Die Entscheidungsträger können heute auf immer mehr und vor allem auch auf differenziertere Möglichkeiten der Informationsbeschaffung zurückgreifen. Nur leider fehlt oftmals die notwendige Verknüpfung der einzelnen Wissenskomponenten, was in der Folge zu lückenhaften Ergebnissen und damit zu einer gefährlichen Fehleinschätzung der Gesamtsituation führen kann. Im Zeitalter der Informationsgesellschaft sind daher jene Unternehmen im Vorteil, die aus den zunächst rein technologischen Möglichkeiten der Business Intelligence (BI) ein wahrhaft intelligentes Business zu entwickeln vermögen. Denn nur so lassen sich die Geschäftsprozesse vorausschauend und damit sicher steuern, hinterfragen und permanent überprüfen. Stellen Sie sich vor, Sie wären im Besitz der richtigen sechs Lotto-Zahlen, die am nächsten Samstag gezogen werden, aber Sie können die Daten nicht rechtzeitig vor Annahmeschluss finden. In diesem Albtraum aller Albträume wirkt sich nicht nur die Konzentration auf die (völlig unkoordinierten) Versuche lähmend auf die übrigen zu erledigenden Tätigkeiten aus, doch noch irgendwie die so dringend benötigten Zahlen an die Oberfläche zu befördern. Auch die Gesamtbefindlichkeit des Verantwortlichen der Tipp-Gemeinschaft dürfte sich an der Grenze zwischen Frustration und beginnendem Wahnsinn bewegen. Schade, denn es bedürfte doch nur der notwendigen Infrastrukturen und Werkzeuge, um an die erforderlichen Daten zu gelangen. Eine funktionierende BI würde diese Aufgabe nicht nur auf Knopfdruck erledigen, sondern den Retrieval-Prozess auch ohne Zutun rechtzeitig initiieren und gegebenenfalls sogar automatisch für die „Bestellung“ des Lotterieloses sorgen.
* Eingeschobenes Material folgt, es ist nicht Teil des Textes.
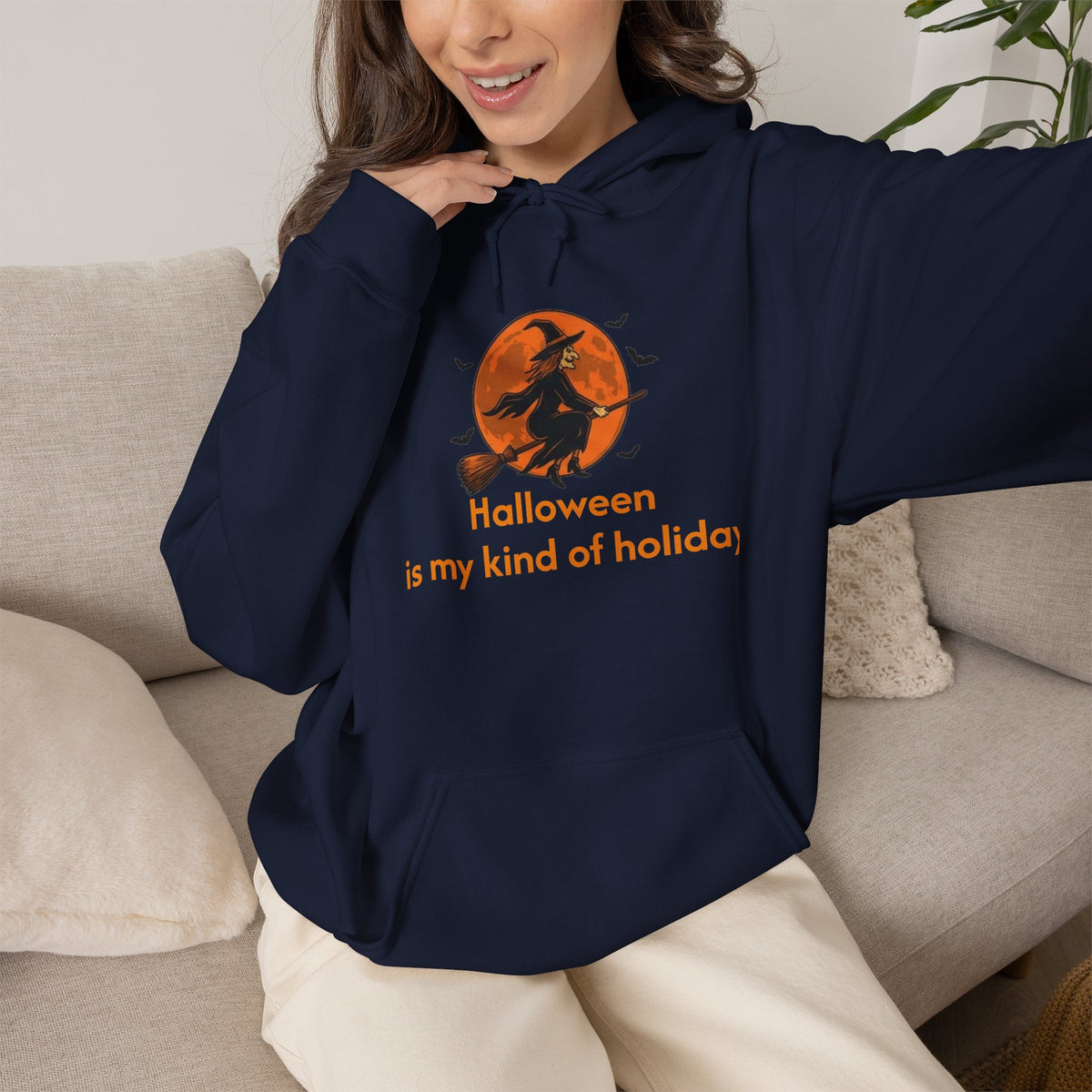 Halloween Hoodie — "Halloween is my kind of holiday" Witch Moon Sweatshirt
Eine Schwalbe macht noch keinen Sommer …

Worin der Unterschied zwischen dem bloßen Horten von Fakten auf der einen und BI auf der anderen Seite liegt, wird im informationswissenschaftlichen Ansatz deutlich, der strikt zwischen Wissenseinheiten und Information unterscheidet. Diesem akademischen Ansatz zufolge wird Wissen erst durch den gezielten Abruf in einer Bedarfssituation zur Information. Legt man diese Definition zugrunde, ist es die vornehmliche Aufgabe von BI-Frontends, auf Basis vorhandener operativer Daten aus den Vorsystemen und der entsprechenden Verdichtungen zum richtigen Zeitpunkt, in adäquatem Umfang, in der erforderlichen Tiefe und in der jeweils gewünschten Darstellungsform Informationen an den Point of Need zu übermitteln.
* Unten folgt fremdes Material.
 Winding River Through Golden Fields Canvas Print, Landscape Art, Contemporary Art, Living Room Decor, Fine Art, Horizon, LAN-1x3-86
… und ein bloßes Data Warehouse noch keine BI

Wesentlicher und somit nicht wegzudenkender Bestandteil von BI-Lösungen ist im Sinne einer reinen Datenhaltung das Data Warehouse. Dabei handelt es sich um themenbezogene Ansammlungen entscheidungsrelevanter Daten, die vornehmlich für das Management durch Replikation aus den unterschiedlichsten Vorsystemen – wie zum Beispiel Warenwirtschaft, Rechnungswesen und Produktionsplanung – sowie der Transformation der jeweiligen Datenformate zentral oder auch verteilt aufbereitet werden. Die selektiven Zugriffe auf die Daten in Verbindung mit den entsprechenden mathematischen Verknüpfungen bezeichnet man als ETL- (Extraction, Transformation and Loading-) Prozesse. Sie ermöglichen den notwendigen Datenfluss zwischen den Datenbanken sowie den inhaltlichen Aufbau von Data Warehouses und Data Marts. Zur Abrundung: Als Data Mart bezeichnet man jenen Teilbereich des Data Warehouse, der einen spezifischen Auswertungsschwerpunkt thematisiert und mit nur begrenzten Informationsobjekten ausgestattetet ist. Es beinhaltet aggregierte Daten für spezielle Benutzer oder auch Benutzergruppen und wird in aller Regel periodisch aktualisiert. In diesem Kontext ist oft auch vom Data Mining (englisch „to mine“: schürfen nach) die Rede. Hierbei geht es um die automatisierte Suche nach nicht-trivialem Wissen in Massendaten, also letztendlich um die Auswertung des verdichteten Datenmaterials.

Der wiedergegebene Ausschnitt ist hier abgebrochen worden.